Dear America,
Use your big words like a big boy. I know you can do it!
Love Always
Brian
It has come to my attention that there is a lot of pointing going on. I am sure this has happened a lot in the past and will always be a problem that will plague man kind, but I have noticed it a lot more lately. I do not pretend to be a pointless person. I have on my fair share of days pointed. My favorite is the point and laugh, which no one has mastered like my friend Crystal. This pointing I am talking of is when people want something and they point at it. Let's say that someone has a hankerin for a donut. The may walk up to the counter and point and say "I want that one." So I turn and look and what do I see? That's right folks I see a case that has over twenty verities of donuts in it. So a point and that one, does not do much for me.

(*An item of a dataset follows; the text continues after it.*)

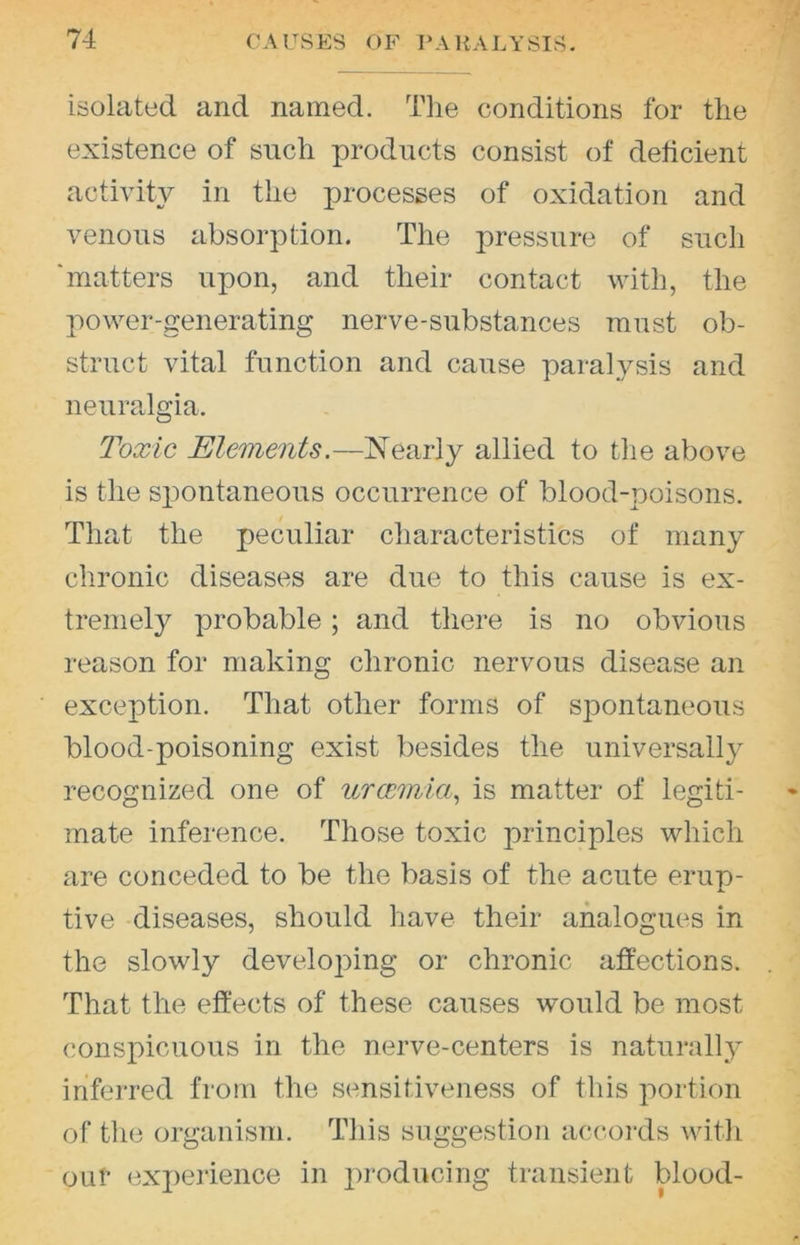 isolated and named. Tlie conditions for the existence of such products consist of deficient activity in the processes of oxidation and venous absorption. The pressure of such 'matters upon, and their contact with, the power-generating nerve-substances must ob- struct vital function and cause paral}^sis and neuralgia. Toxic Elements.—Nearly allied to tlie above is the spontaneous occurrence of blood-poisons. That the peculiar characteristics of many chronic diseases are due to this cause is ex- tremely probable; and there is no obvious reason for making chronic nervous disease an exception. That other forms of spontaneous blood-poisoning exist besides the universally recognized one of urcemia^ is matter of legiti- mate inference. Those toxic principles which are conceded to be the basis of the acute erup- tive -diseases, should have their analogues in the slowly developing or chronic affections. That the effects of these causes would be most conspicuous in the nerve-centers is naturally inferred from the sensitiveness of this portion of the organism. This suggestion accords witli OLif experience in j^roducing transient blood-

Now I know what you are going to say. These people do not make the donuts. They do not spend the time that I do lovingly making sure that these tasty treats come into existence. You see I nurture these little donuts so that they can become that special afternoon or morning treat for someone. So yes I can look at a donut on a wall o donuts and know which one is which. So I can understand why it can be a bit confusing. But you see, we have come up with a wonderful way for you to tell what donut is what. They have tags under them. So if you want a Barbarian Cream, all you have to do is look at the tag and say the name that is under it. It's not that hard.

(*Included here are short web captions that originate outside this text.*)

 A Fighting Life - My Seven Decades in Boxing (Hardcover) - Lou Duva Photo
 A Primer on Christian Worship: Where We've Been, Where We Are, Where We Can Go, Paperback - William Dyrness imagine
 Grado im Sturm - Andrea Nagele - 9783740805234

It is not out of the ordinary for someone to come in and point and say I want that one. So then I ask them, "Which one did you want?" and they usually reply "The Chocolate one." Well that helps a lot. You see on the wall o donuts you have, chocolate glazed, double chocolate glazed, chocolate frosted, chocolate frosted cake, boston cream which has chocolate on top, and chocolate kreme, which is filled with chocolate icing. So when you just say, "chocolate" it really does not help.
So the next step in our dance of ineptitude, is for me to get the donut. Invariably what will happen is I will grab the wrong one. So the customer then says, not that one, that one. This makes it all so much clearer. I mean you didn't want that one you wanted that one. The clouds have parted and I now know what it must have been like to be one of the 12 deciples when the tongues of fire descended from heaven and made it possible to understand all languages. Everything is clear.
Then the customer will do the final step and they will point and shake their finger. I am instantly transported back to the night that my godson Grady wanted his Pah (pacifier) and we would not give it to him unless he said that he wanted it. He continued to point and scream, but we would not give it to him. He had to say Pah as we knew that he could. Sometimes I just wish I could treat the customer like a 2 year old.
"Mr. Williams, you cannot have the Boston Cream donut until you ask for it properly. Don't you shake your finger at me young man. You are not too old for me to put over my knee. Use your words, I know you can!."
This is how I feel when customers order. It is not hard to look at a sign and read it. Why must they point or order in a way that makes it possible to understand them. Why do customers think I will understand them when they order the donut that has the stuff in the middle and the stuff on top? That is about ten of the donuts that we serve. Why can't you just know what the donut is and order it? It just baffles me.
My hope is that someday someone will point at a donut and their finger will fall off.